Cerullo non ignora i mali, semplicemente li racconta nella banale quotidianità, non nelle gesta dei supereroi camorristi. «Il crimine più grande che si possa commettere contro l'umanità è non permettere a un bambino di essere un bambino. Come crescono certi bambini nei quartieri fragili come Scampia? Anche una banalità come tagliarsi i capelli può essere piena di questa cultura da uomo d'onore. Ricordo una mamma che alla domanda del barbiere su che taglio di capelli volesse per il figlio di tre anni rispose: Facc' nu tagl'a omm».

Le vite degne di essere raccontate sono quelle del clan Savastano ma quelle di un tredicenne, Vittorio, che si è impiccato per la vergogna di essere figlio di un camorrista, o di Rosa, padre ucciso sotto casa, avviata dalla madre alla prostituzione a sedici anni, che confessa a Cerullo: «In una delle mie tante notti in questo schifo ho sognato mio padre, che conosco solo da una foto che mi sono fatta riprodurre in oro e che oggi porto sempre appesa al collo con una catenina, questa cosa fa parte di quella cultura in cui tante pecore nere come me credono. Nel sogno, come un lamento soffocato, mio padre mi diceva Perdonami, perdonami, bambina mia».

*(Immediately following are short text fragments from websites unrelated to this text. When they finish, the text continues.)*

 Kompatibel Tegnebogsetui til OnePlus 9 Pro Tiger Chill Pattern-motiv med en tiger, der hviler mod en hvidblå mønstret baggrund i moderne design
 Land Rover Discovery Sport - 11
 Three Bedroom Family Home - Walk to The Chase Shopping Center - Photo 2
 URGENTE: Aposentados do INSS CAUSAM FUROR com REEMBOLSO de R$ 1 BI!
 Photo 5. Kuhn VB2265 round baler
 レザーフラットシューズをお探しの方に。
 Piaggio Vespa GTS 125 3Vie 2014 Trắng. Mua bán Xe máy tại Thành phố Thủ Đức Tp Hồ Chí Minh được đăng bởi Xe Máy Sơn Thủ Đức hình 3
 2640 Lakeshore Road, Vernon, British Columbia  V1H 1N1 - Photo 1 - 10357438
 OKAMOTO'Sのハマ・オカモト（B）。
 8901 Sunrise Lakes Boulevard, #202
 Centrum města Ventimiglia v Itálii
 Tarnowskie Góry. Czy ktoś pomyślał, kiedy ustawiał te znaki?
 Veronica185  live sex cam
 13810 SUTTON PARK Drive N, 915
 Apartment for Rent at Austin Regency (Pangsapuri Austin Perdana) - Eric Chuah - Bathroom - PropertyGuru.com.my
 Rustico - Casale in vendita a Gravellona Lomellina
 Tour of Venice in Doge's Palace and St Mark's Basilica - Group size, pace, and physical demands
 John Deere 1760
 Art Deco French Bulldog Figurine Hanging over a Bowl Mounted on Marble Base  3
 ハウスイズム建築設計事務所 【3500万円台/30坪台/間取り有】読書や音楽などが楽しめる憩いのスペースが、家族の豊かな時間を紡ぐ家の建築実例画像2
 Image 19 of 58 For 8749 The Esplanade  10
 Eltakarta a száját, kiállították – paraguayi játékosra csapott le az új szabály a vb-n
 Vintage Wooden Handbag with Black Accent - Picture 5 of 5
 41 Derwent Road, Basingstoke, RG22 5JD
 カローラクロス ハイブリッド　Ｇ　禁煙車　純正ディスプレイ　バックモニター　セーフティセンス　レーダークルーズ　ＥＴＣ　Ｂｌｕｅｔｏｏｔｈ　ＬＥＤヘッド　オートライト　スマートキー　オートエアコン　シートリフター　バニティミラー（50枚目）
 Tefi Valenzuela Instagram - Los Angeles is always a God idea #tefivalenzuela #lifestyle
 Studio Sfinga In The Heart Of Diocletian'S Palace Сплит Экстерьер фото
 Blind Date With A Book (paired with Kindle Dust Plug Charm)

Per Cerullo la camorra si combatte costruendo una comunità, non con la celebrazione degli eroi dell'anticamorra. A Ernest Pignon confessa: «Se già adolescente vendevo la morte non è perché ero nato a Scampia, ma perché non ero andato a scuola, perché non avevo gli strumenti per difendermi: loppressione più grande che si possa esercitare è verso chi non ha la parola. La mancanza di cultura ti espone all'ingranaggio della delinquenza organizzata, alla malavita».